§ WHAT IS REQUIRED
No picture belongs in the answer, which must hold exactly the lines from the one with "705 Chestnut Street, Summit, MS 39666" through the final line below.
- - -
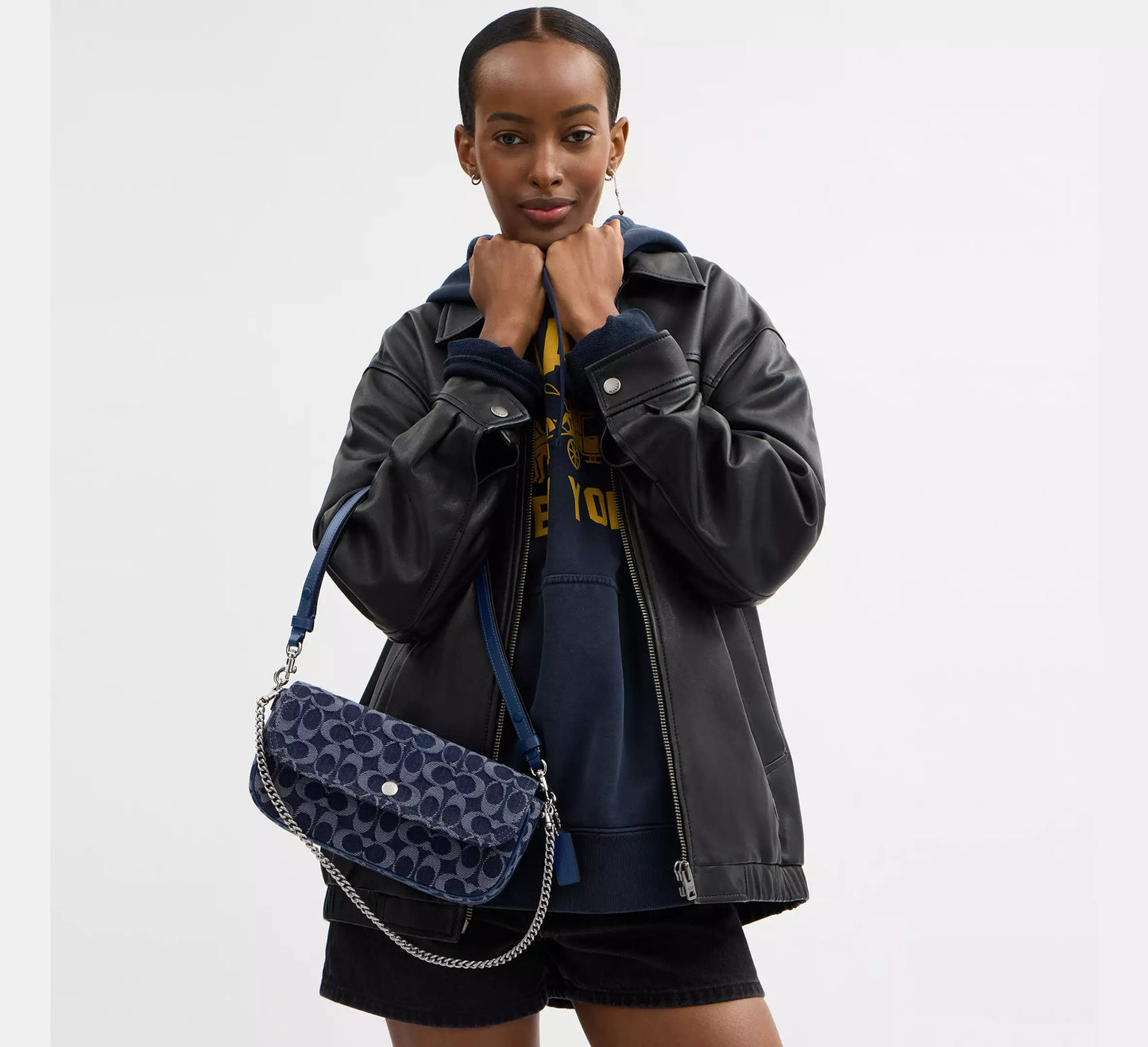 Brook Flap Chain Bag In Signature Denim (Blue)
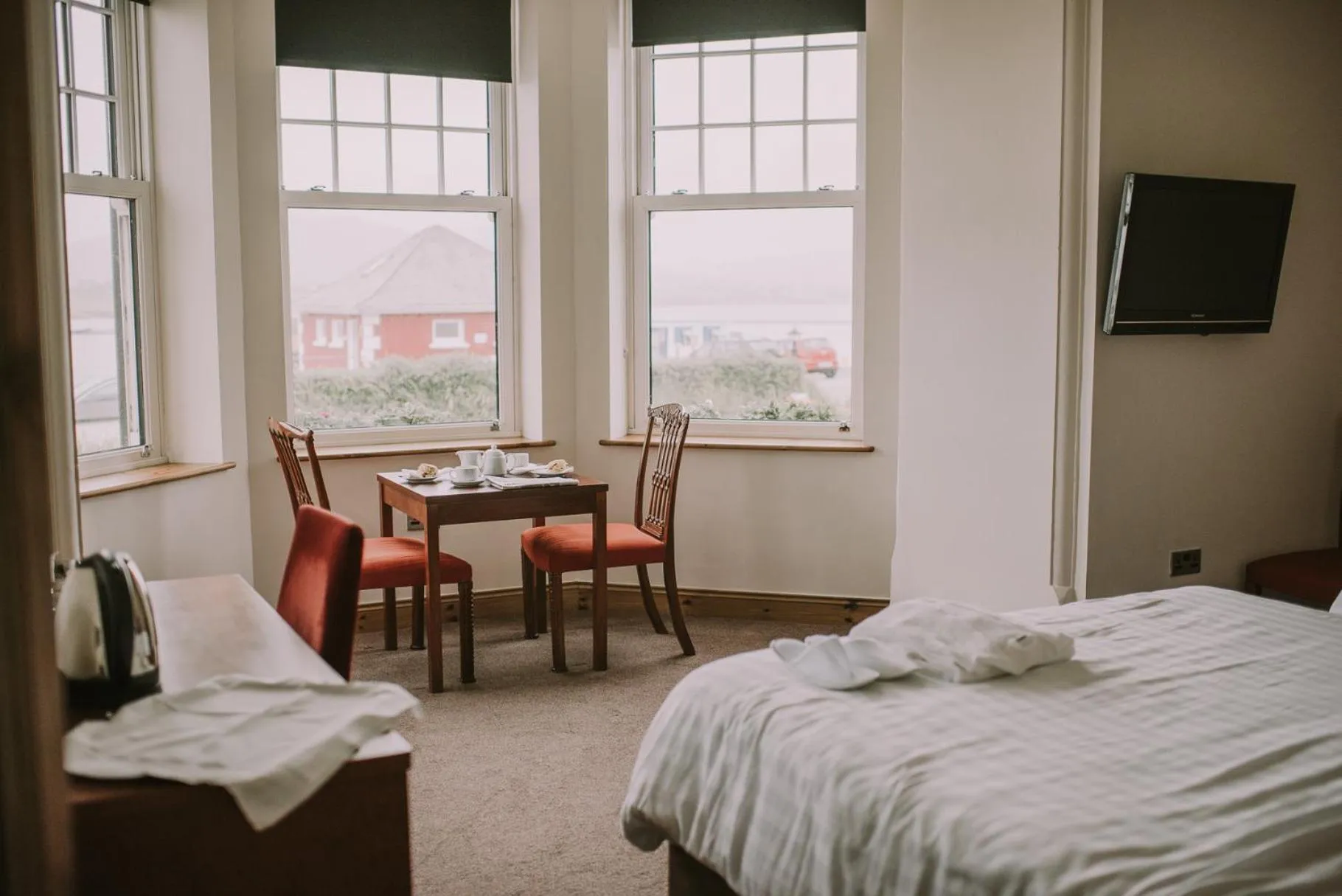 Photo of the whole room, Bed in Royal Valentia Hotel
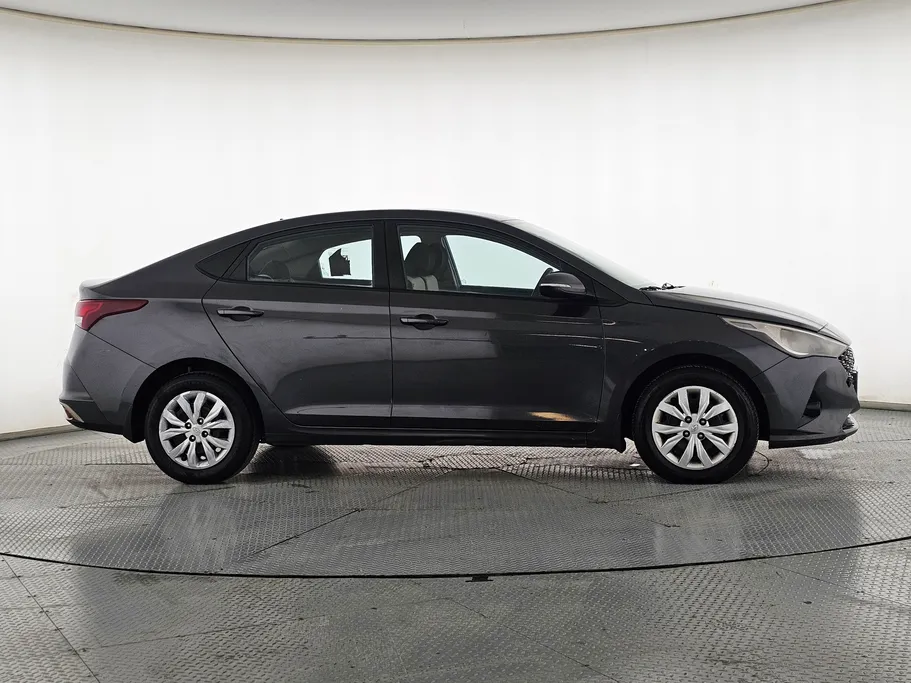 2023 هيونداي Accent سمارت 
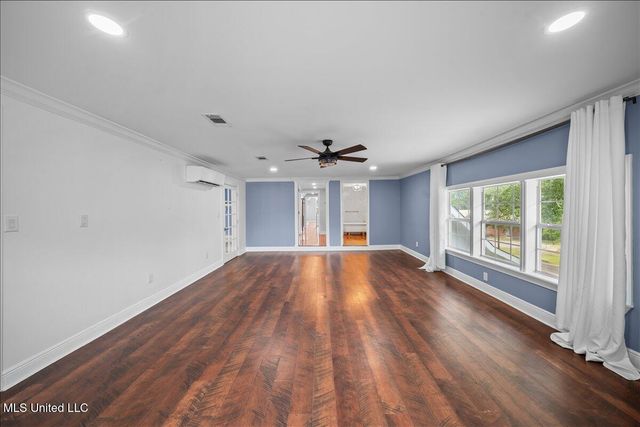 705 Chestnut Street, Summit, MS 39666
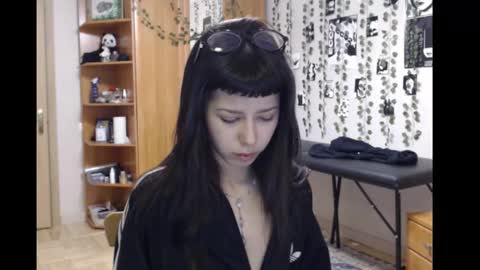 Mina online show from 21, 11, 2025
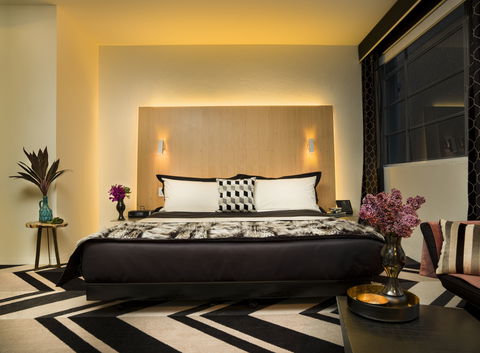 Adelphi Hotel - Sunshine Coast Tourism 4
- - -
§ TASK SOLUTION
 705 Chestnut Street, Summit, MS 39666
 Mina online show from 21, 11, 2025
 Adelphi Hotel - Sunshine Coast Tourism 4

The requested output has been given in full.